VB’s midyear research report shows consumer spending on sales and rentals of all home entertainment formats holding steady just above $10 billion. That’s a big improvement over the midyear mark in 2007, when home entertainment spending was down 5%.
Sales of standard DVD do look to be off 2% to 4%, according to various studio estimates, but rental is up and Blu-ray, with about
$200 million in sales in the first half is offsetting the small standard format loss.
Let this be food thought for the critics who expected packaged home entertainment’s decline to accelerate in 2008 (it ended 2007 down 3%) and declared Blu-ray would never establish itself because consumers became enamored of digital delivery services while the two high-def camps were at war.

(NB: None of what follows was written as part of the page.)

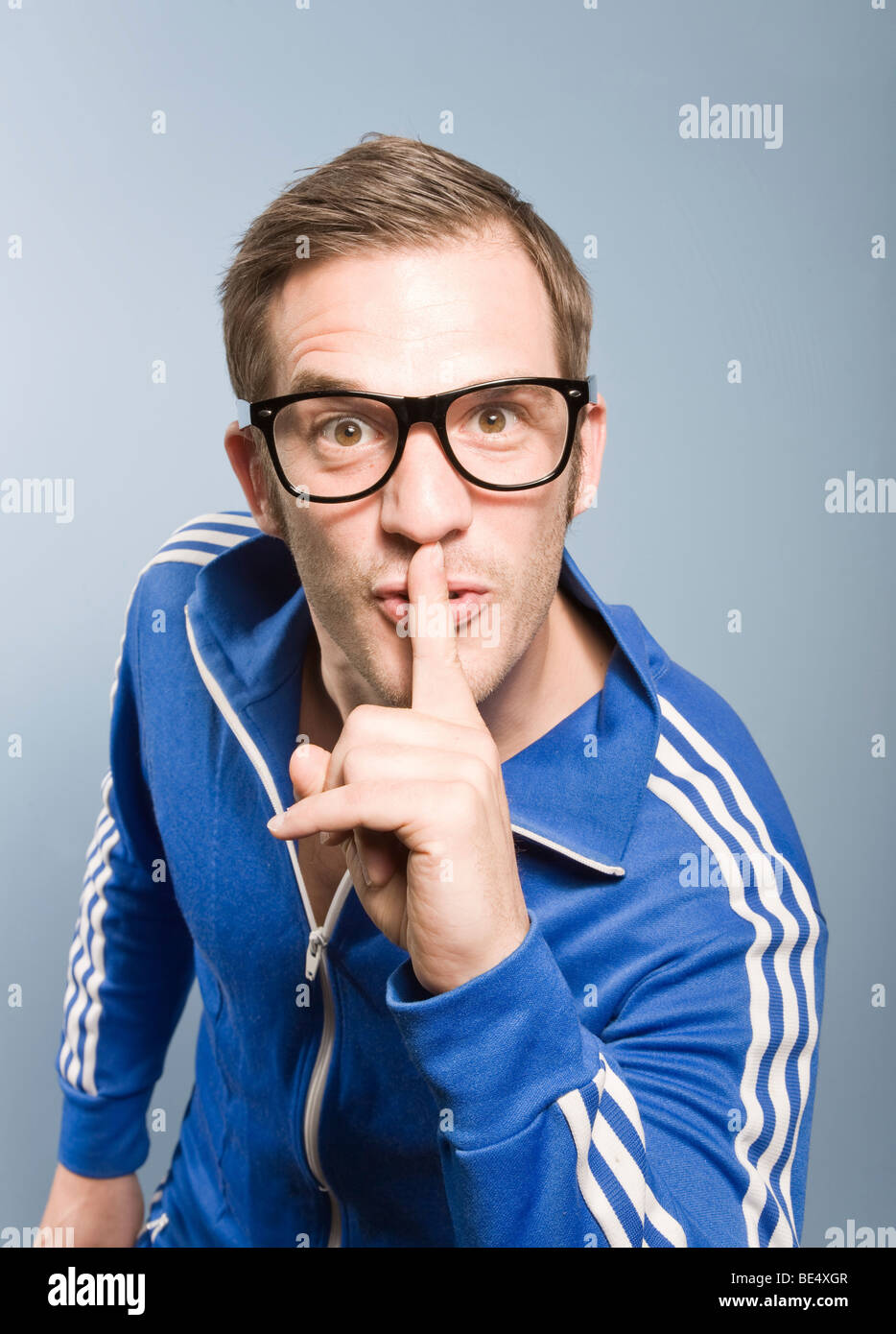 Young man posing in a retro style Adidas sport suit Stock Photo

Just last week Pali Research analyst Rich Greenfield, who in the past has been rather bearish on home entertainment, in a blog post reversed his earlier opinion that consumer spending on DVDs would decline at an accelerating rate this year after seeing their first decline last year. Greenfield raised his full-year DVD spending estimate to flat, with sell-through down 1% and rental up 1% and admits that might be too conservative give the strong slate of summer films headed to stores in the second half.
Greenfield based his reassessment on slightly overly optimistic midyear data from another source, but his conclusion is spot-on: “The DVD industry is not rapidly declining in favor of digital distribution (whose revenues remain completely insignificant to the Hollywood studios).”
Given the state of the U.S. economy, flat will be a good place for the industry to end this year. But the upcoming release slate and the potential for Blu-ray sales of $800 million to $1 billion do foster hope for more.